# math question

Discussion in 'Community Discussion' started by wonga1127, Aug 30, 2007.

1. ### wonga1127 macrumors 6502

Joined:
Mar 16, 2006
Location:
Wishing for a magic bus.
#1
Okay, having trouble with this problem.

Show that the equation of the line tangent to the circle x^2 + y^2 = a^2 at the point (X1 , Y1) (thats x sub 1 y sub 1) on the circle is X1(x) + Y1(y) = a^2

Where do I even start?

2. ### zap2 macrumors 604

Joined:
Mar 8, 2005
Location:
Washington D.C
#2
Oh, my. I should know how to do this...

but I've forgotten, sorry.

Someone here is bound to be able to help

3. ### siurpeeman macrumors 603

Joined:
Dec 2, 2006
Location:
the OC
#3
the slope from the center (0,0) to the point of tangency (x1,y1) is equal to y1/x1. the line from the center to the point of tangency is perpendicular to the tangent line, so the slope of the tangent line is equal to the negative reciprocal, or -x1/y1. using point-slope formula, you get an equation of y - y1 = (-x1/y1)(x - x1).

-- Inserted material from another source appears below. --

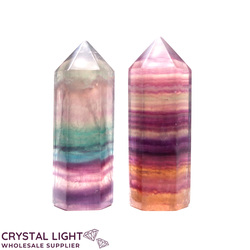 Polished Point Lots: Rainbow Fluorite Point Lot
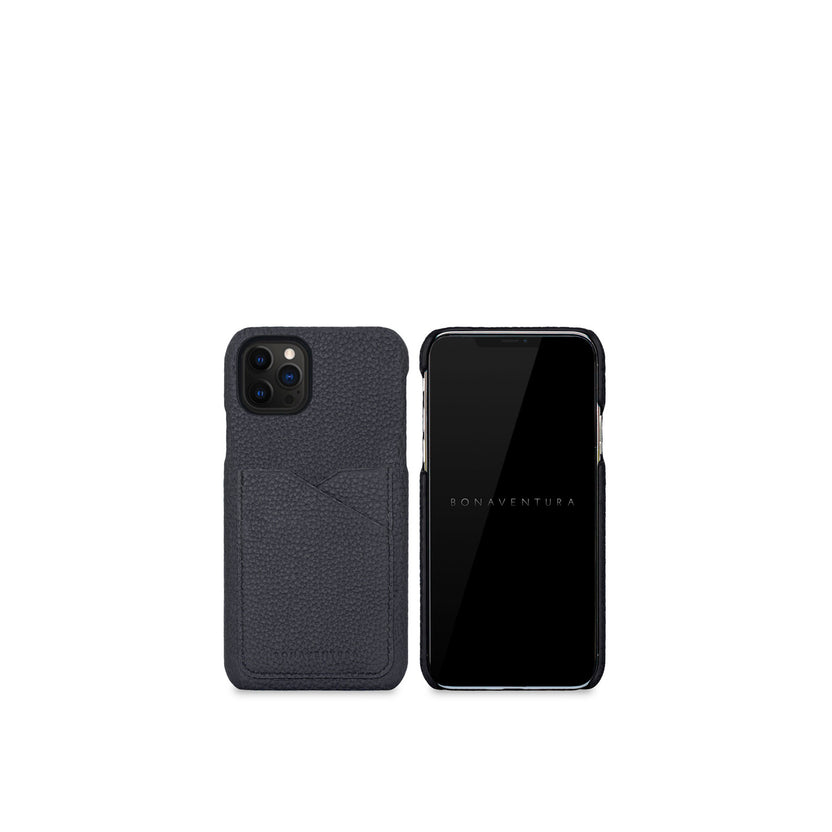 (iPhone 12 / 12 Pro) バックカバーケース シュリンクレザー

multiplying and rearranging will lead you to (x1)*x + (y1)*y = (x1)^2 + (y1)^2. looking at the original equation, (x1)^2 + (y1)^2 is equal to a^2, so substituting will get you your equation of (x1)^2 + (y1)^2 = a^2.

you're welcome.

4. ### yg17 macrumors G5

Joined:
Aug 1, 2004
Location:
St. Louis, MO
#4

5. ### wonga1127 thread starter macrumors 6502

Joined:
Mar 16, 2006
Location:
Wishing for a magic bus.
#5
thank you.

And the lolcat made me laugh.

edit: okay i did the point slop formula and everything, but when I simplfied and rearranged I got y1y + x1x = x1^2 + y1^2. x^2 +y^2 = a^2. im stuck!